### Task details
Print the listing below again, exactly. Skip the pictures.

### Supplied information

______________________________

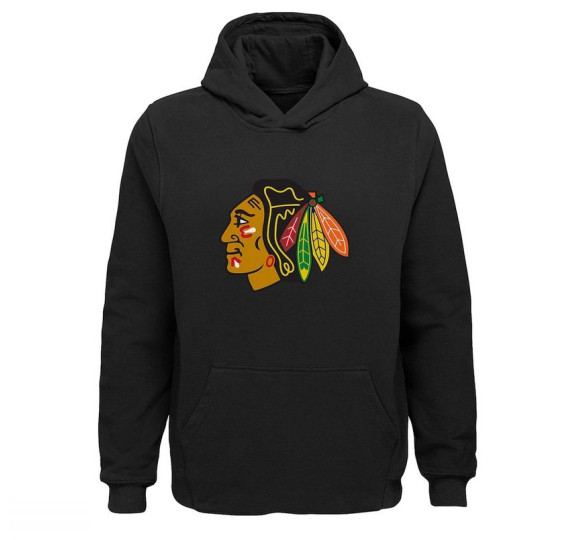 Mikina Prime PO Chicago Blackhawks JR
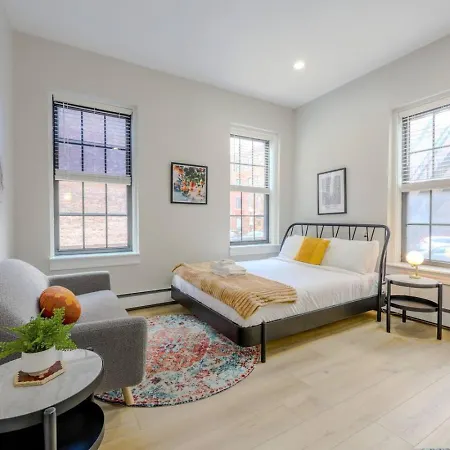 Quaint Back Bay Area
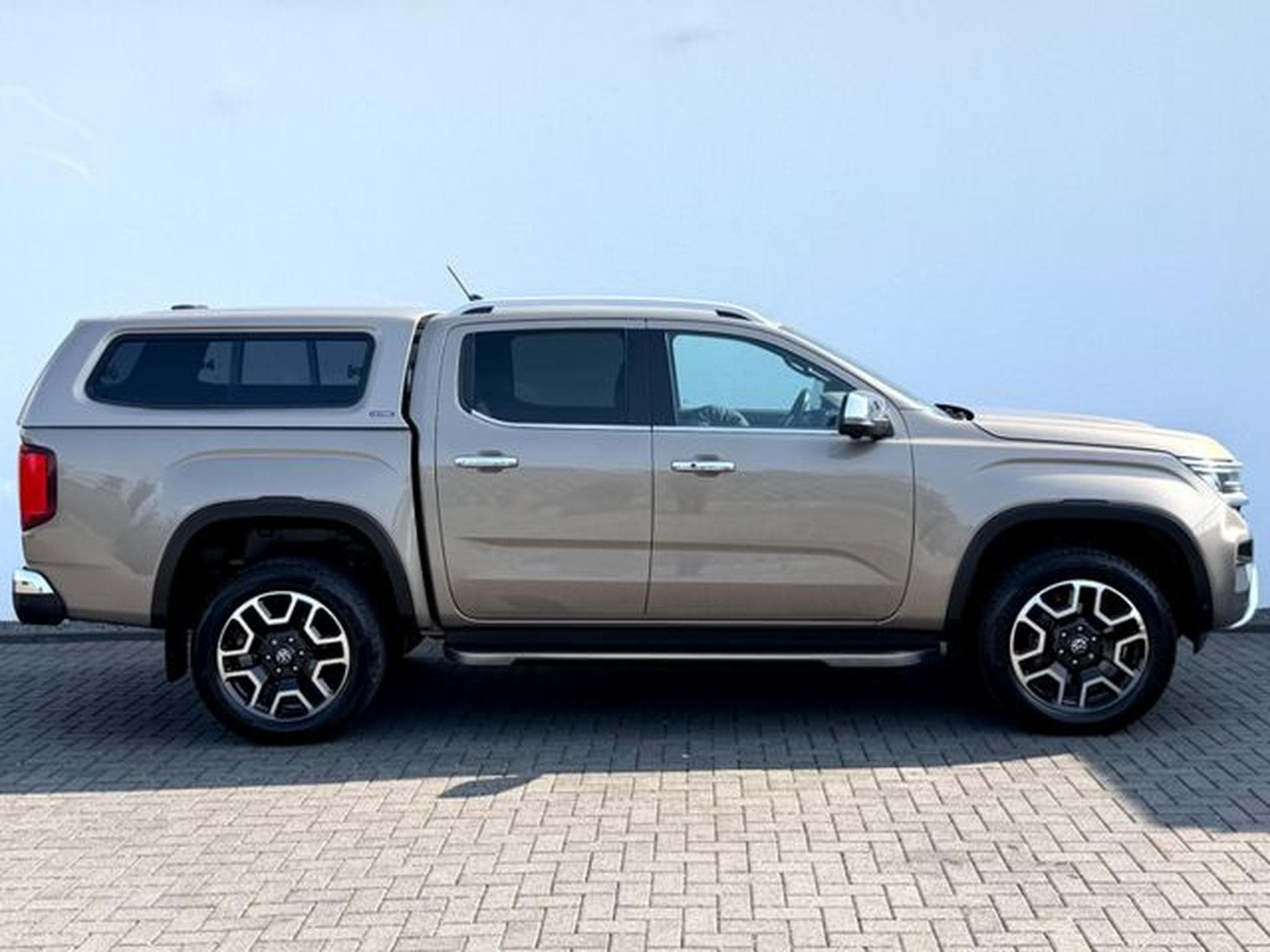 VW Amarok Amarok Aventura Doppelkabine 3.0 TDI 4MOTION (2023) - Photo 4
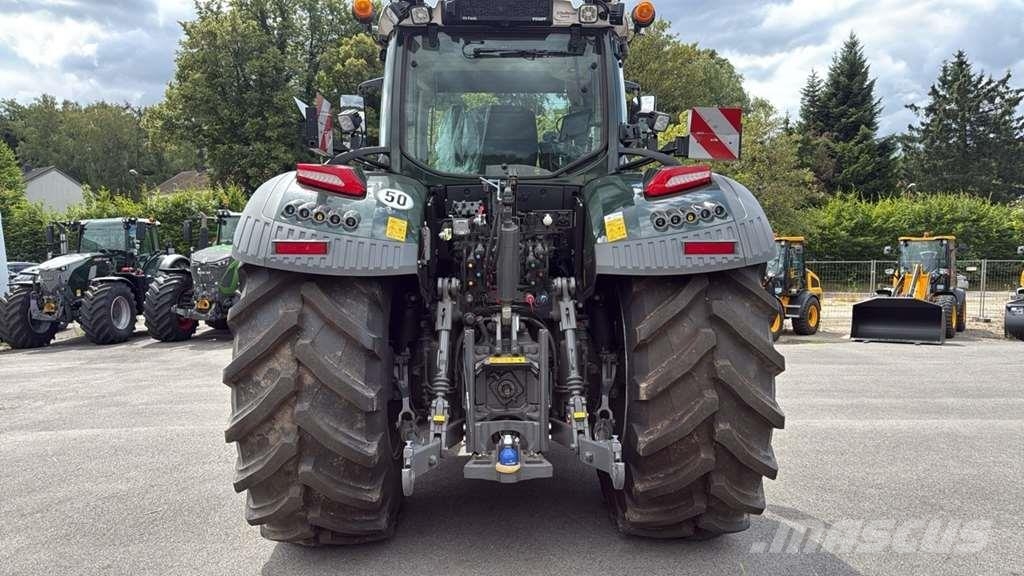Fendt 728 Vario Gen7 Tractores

______________________________

### Result of the exercise
 Mikina Prime PO Chicago Blackhawks JR
 Quaint Back Bay Area
 VW Amarok Amarok Aventura Doppelkabine 3.0 TDI 4MOTION (2023) - Photo 4
Fendt 728 Vario Gen7 Tractores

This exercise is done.